Brezhnev: Well, do you want to ask me all your questions first, making it easier? Otherwise, you’ll start undressing me article by article.

(Brezhnev gestures as if stripping off his clothes.)

Kissinger: No, no. I’m not debating. My first question is that you say 2,400 for you and 2,200 for us. That means that at no time can we exceed these numbers after the end of 1977. My second question: You said there could be partial modernization of land-based missiles provided for under the agreement as under the interim agreement. How about sea-based missiles other than the 10 Tridents? We understand that only 10 Trident boats can be built, but what is the coverage of other boats?

Brezhnev: Well, we will be guided by the principle established in this regard—until 1977, building the submarines we are allowed and installing the same rockets we are building already.
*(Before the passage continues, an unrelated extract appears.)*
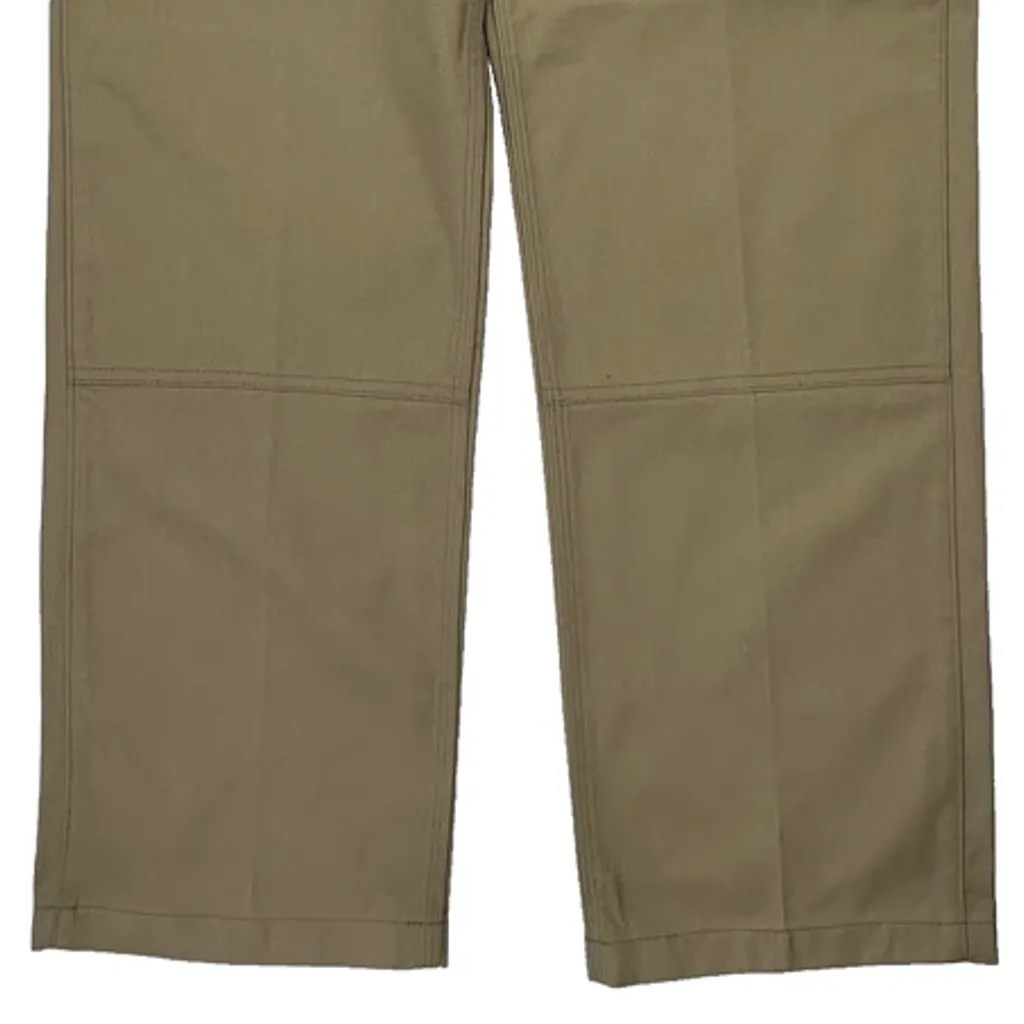 Carhartt Double Knee Carpenter Trousers - 34W 34L Khaki Polyester Blend - Image 10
You will install new missiles on your Trident and we will install new missiles on our new boat. But, it’s hard to say now how many rockets will be installed on your Trident or the Typhoon in our case. But, speaking informally, and being frank, my personal estimate is that the number of missiles on our Typhoon will be less than the number on the Trident.
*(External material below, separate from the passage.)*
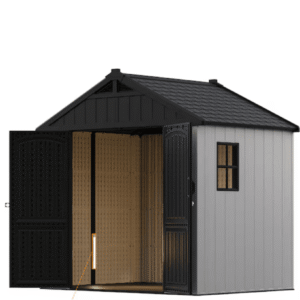 Patiowell 8-ft x 6-ft Kick-it Resin Storage Shed (Floor Included)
Kissinger: We know how many we will have—24.

Brezhnev: Again, informally, we will not have as many on our Typhoons. Although I said that I was mentioning this informally I don’t rule out absolutely the possibility of an equal number of missiles on the Typhoon, but, in no event will there be more.

Kissinger: It counts against the total so it does not matter.
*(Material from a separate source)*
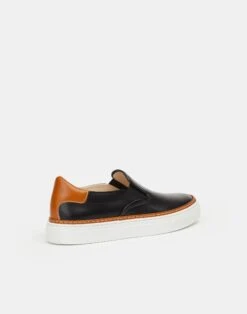 Nappa Leather Slip-On Sneaker -Chic Daily Fashion lf 0794 black multi back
Brezhnev: Of course. Equally, it doesn’t worry us. You can have 26 if you like. Any way, the old agreement says we have 950 missiles until 1977. It makes no difference whether they are all on one boat or spread out on 50.

Kissinger: That’s right.

Brezhnev: Obviously, you will scrap part of your old submarines and so will we. You’ll say: What the hell!

Kissinger: But then, there’s a question: If one scraps old submarines can one replace them with submarines of a comparable type?

Brezhnev: Practically, that’s out of the question.

[Page 267]

Kissinger: Why?

Brezhnev: Because they’re not up to the mark in terms of their size. They’re morally obsolete.

Kissinger: Morally?

Brezhnev: Morally, although it is true you are installing MIRVs on your Poseidon, the agreement stipulates nothing on missiles for that boat, and I, of course, have nothing new to add to a treaty which I have already signed.

Kissinger: As I understand it, each side is free to compose a force up to 2,400.

Brezhnev: Yes.

Kissinger: But, if you can’t build new silos and if you can’t replace old submarines, you have not got a choice. I am not arguing; I am trying to understand.

Brezhnev: Dr. Kissinger . . .

Kissinger: I’m not debating; I am trying to understand.

Brezhnev: To be absolutely frank, let me explain why we want our total number at 2,400 and yours at 2,200. You will realize that unless we set those levels we will have to scrap a certain number of our land-based missiles.

Kissinger: I understand that.

Brezhnev: That’s all there is to it.

Kissinger: I understand . . .

Brezhnev: So there will be factual equality even if it will appear on paper that we have more than you do. That’s the mechanism. There it is laid bare before you.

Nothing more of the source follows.